Quel Gesù Cristo che va verso un “dove” è ormai un punto di riferimento.
“Dove sarò io sarete anche voi …”
Non essere di questo mondo

Per cui se un Gesù può dire “io non sono di questo mondo …” chi lo segue può fargli eco: Nemmeno io … Non siamo di questo mondo. Ma c’è chi se ne accorge e chi no.
Chi lo scopre, è perché guarda a questo Gesù Cristo. Accettarlo, accoglierlo, significa sentirsi straniero (“non di questo mondo) e in cammino verso quell’altrove di Cristo (“pellegrino”).
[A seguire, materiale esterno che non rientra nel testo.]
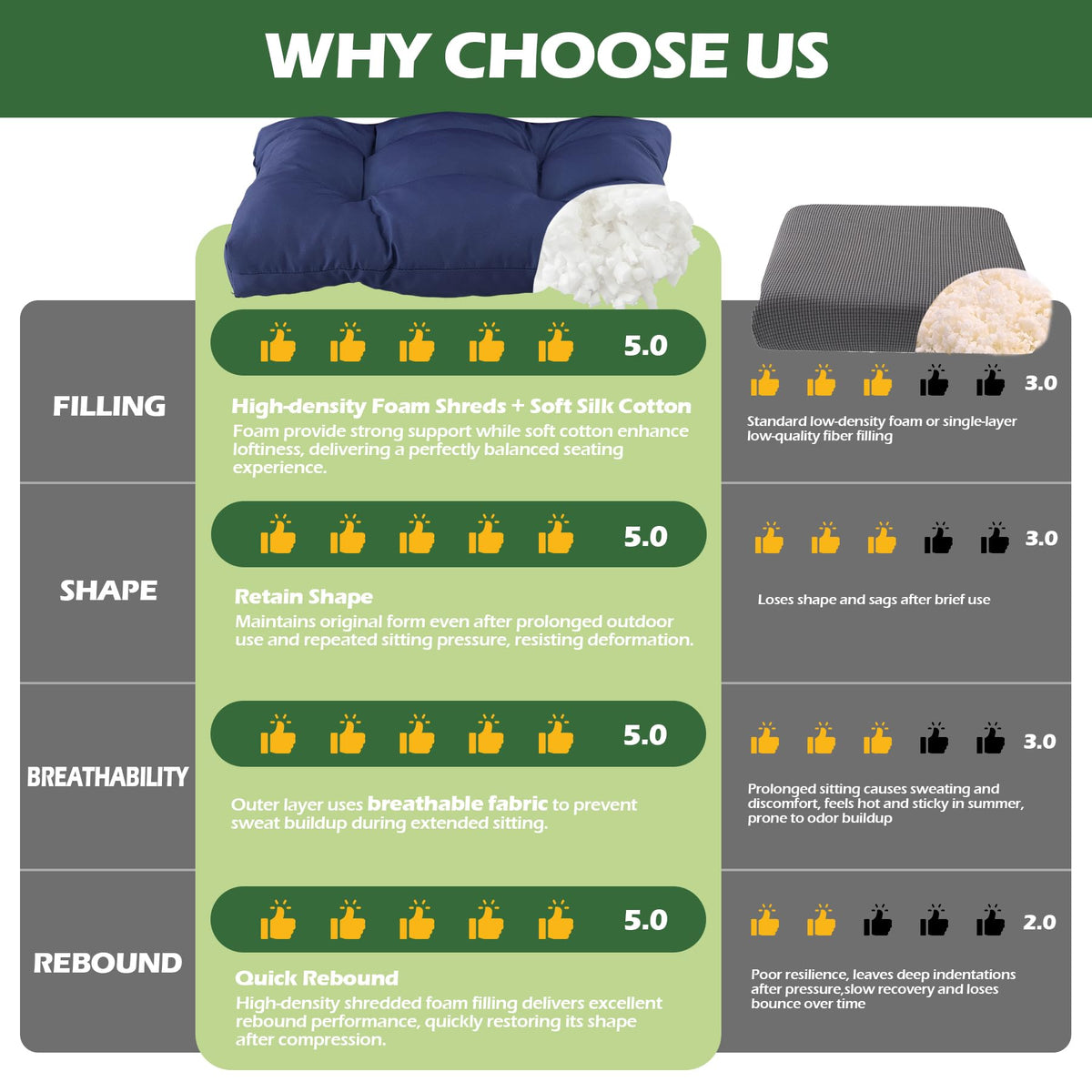Aegisun anti-slip bottom keeps cushions in place on smooth surfaces.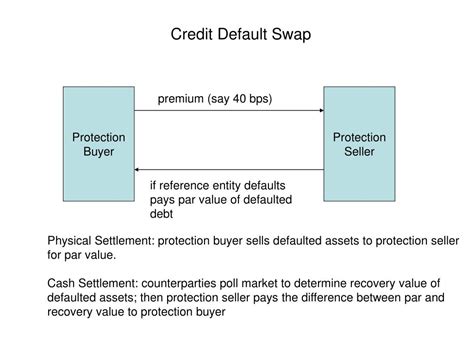 Credit Default Swap Data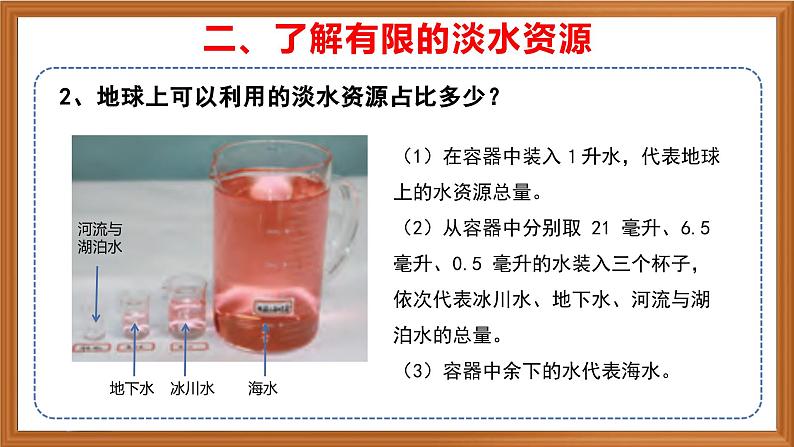 苏教版小学科学三上第四单元《15 珍惜水资源》课件+教案+视频+作业08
Significa mettersi fuori. “Usciamo fuori dal campo, portando il vituperio di Cristo”.
Chi cammina lentamente, chi arriva dopo e dietro gli altri, a distanza, più cautamente dice: “ Sono di questo mondo, ma non solo di questo mondo”. Dentro e fuori.
Ma c’è anche chi dice, e lo vuole dire: “E io voglio restare in questo mondo, finché posso. Sono figlio di questa Madre Terra: non voglio essere bastardo. Voi andate pure:io resto”.
Bastardo ? Ma chi non si sente più figlio della terra, sente così perché ha trovato un Padre. Purtroppo non abbiamo anche una Madre. Non sarebbe che un idolo.

“Maestro, dove dimori ?”
“Venite e vedete” (Gv. 1:38-39).
Un invito promettente.
Ma la domanda finale, “Dove vai ?” è una domanda matura, frutto dell’esperienza, che non poteva essere posta al principio.